What was the tq?

 

I don't think the torque is a fair comparison. The supercharger did 571 ft-lb at 3700 rpm. The turbo would flash the converter much higher on the dyno, so peak torque didn't register until much later, more like 4800 rpm, where it made 530 ft-lb at 11 psi. If we could have started the dyno earlier in the rpm range, I'm sure it would have topped the supercharger by a bunch.

 

So when are you going to build a tubular header?

 

I would agree with that; mine at only 6 psi did 513 at 3400.. with a T350 and 3400 stall. At 12 psi you should see well over 600.

 

I'm not. At 680 rwhp, based on the old times, it should pull around 142 mph in the quarter which will accomplish my goal of owning a truly streetable 9 second car. By truly streetable, I mean cruise control, A/C, full interior, reasonably quiet, etc. . .

My plans are, in order:
1. Replace the Vortech aftercooler with a homebuilt aftercooler with approximately 50% more flow capacity and 80% more cooling capacity.
2. Port the intake and install a 58 mm throttle body. Current is 52 mm.
3. Consider intalling a different cam, something like 226/226-114 using slower ramps. Mine is the Comp 224/236-114 and has some stability issues above 5800 at 19 psi.

 

Good call, mine had the same problems...

 

Care to explain on the above 'stability' issue?

Slower valve accel. solve this?

Thanks,

-Scott.

 

Quick ramp rates take more spring pressure to control valve motion. For instance, the Extreme Comp lobes require more spring pressure to run the same rpm as slower ramps. Also, the Extreme 4X4 lobes have even more aggresive ramps since their aim is for low-end torque. Slower valve acceleration will require less spring pressure.

My problem is this:

The valve effective spring pressure is reduced on a boosted motor since boost pressure is trying to open the intake valve.

The amount the spring pressure is reduced is:

19 psi x pi/4*(2.08")^2 = 65 lb

With a hydraulic camshaft, I'm running 145 lb seat pressure and wouldn't really feel comfortable higher than that.

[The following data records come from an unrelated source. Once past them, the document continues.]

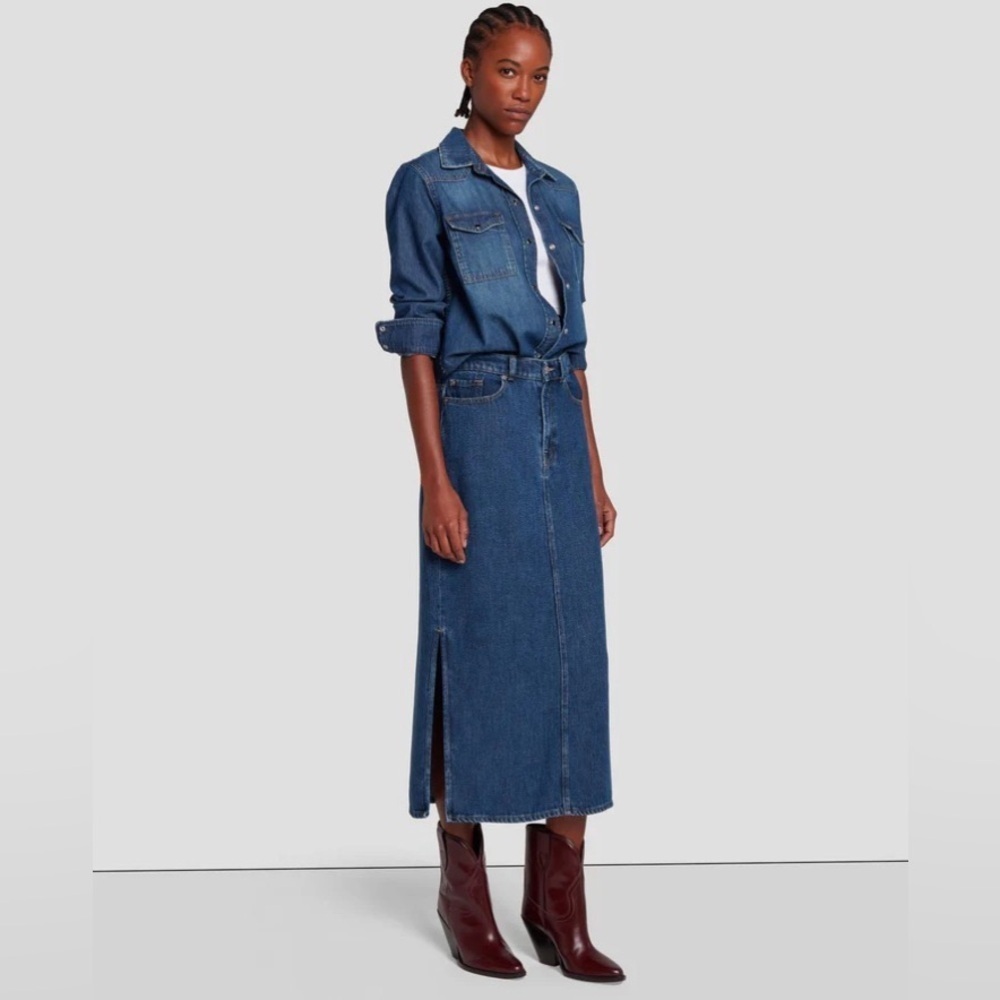 7 For All Mankind DENIM MIDI SKIRT IN BLUENOTE size 28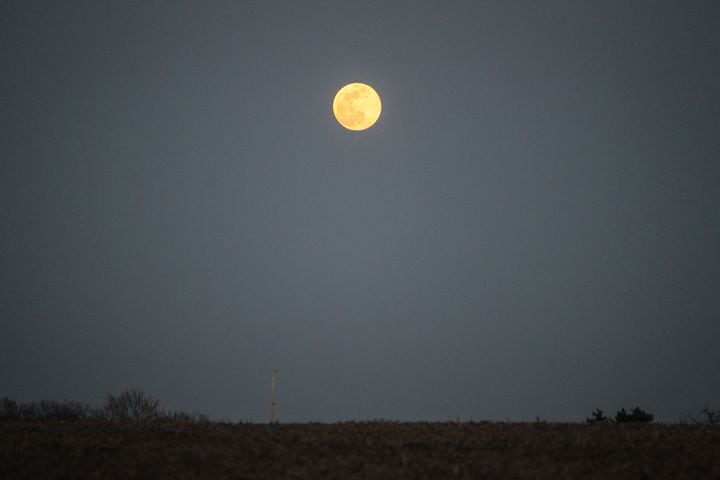 Pink supermoon above Miami Valley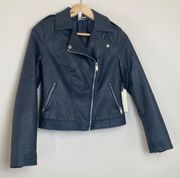 Forever 21 Vegan Moto Jacket Dark Gray Faux Leather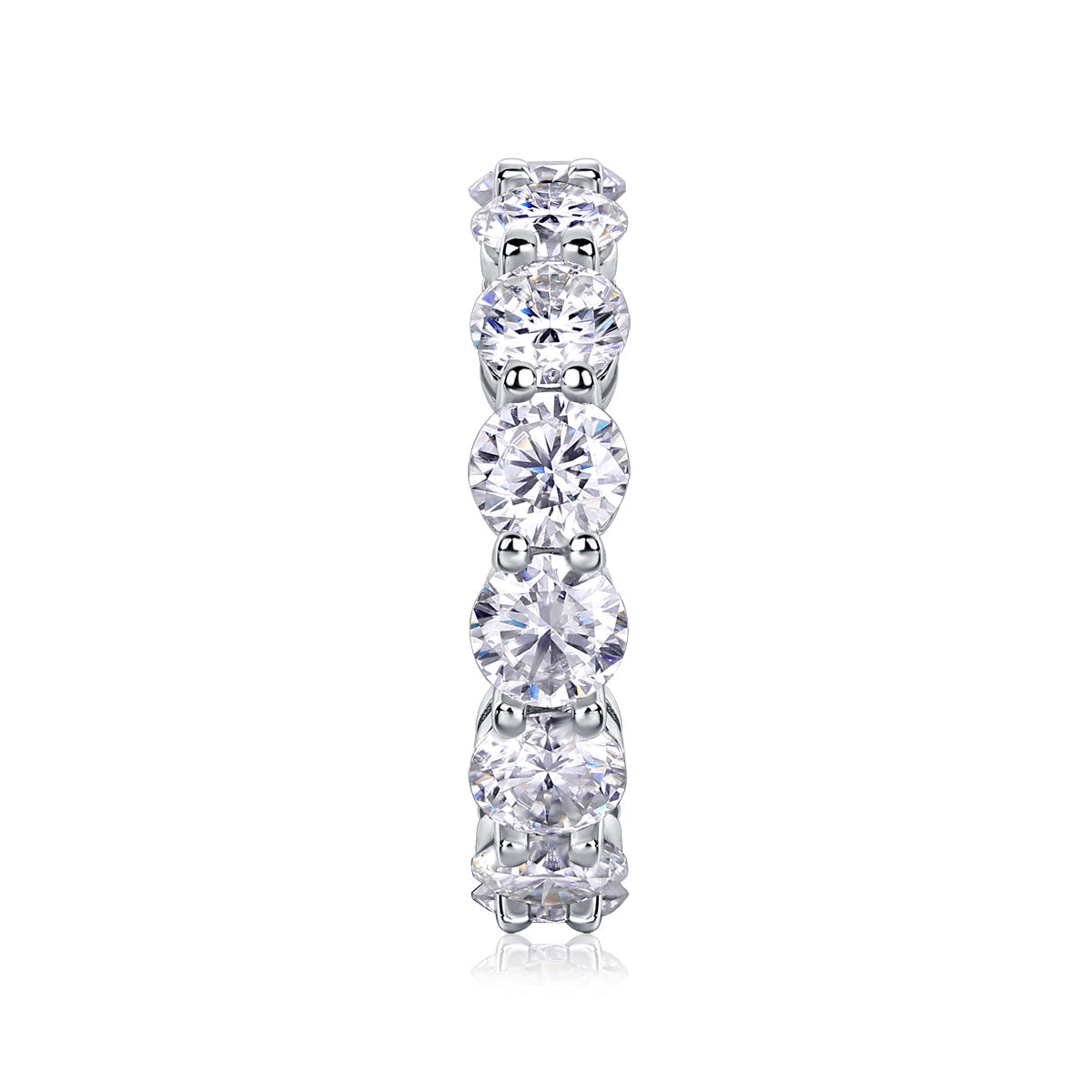 S925 Silver 3.5g Platinum Plated Moissanite Eternity Ring, 5.0mm 13pcs D VVS1 Band, GRA Certified US 5-9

So, at 19 psi boost, my seat pressue is 145 - 65 = 80 lb. 80 lb of seat pressure is not enough to control an Extreme hyd roller cam lobe with 224 duration and .605" lift at 6000 rpm.

Since I'm sort of stuck with 145 lb seat pressure, my other option is to go with less aggresive lobes. I like the Crane HR1 lobes (used in the GM 847 cam) and have had good luck with them in the past a low spring pressures. Furthermore, turbo motors don't seem to respond to quick ramp rates like NA and blower motors.

Crane makes a 226 lobe with 288 adv (.004), 145 at .200, and .552" lift, versus my current 224 intake lobe with 276 adv (.006), 152 at .200, and .605" lift.

For instance,

Crane says "HR1 Hydraulic roller series created for high lift applications with good stability."

Comp says "The high lift versions are more aggressive over the nose and will require more spring or less RPM."

 

The turbo makes more power, but is it more streetable?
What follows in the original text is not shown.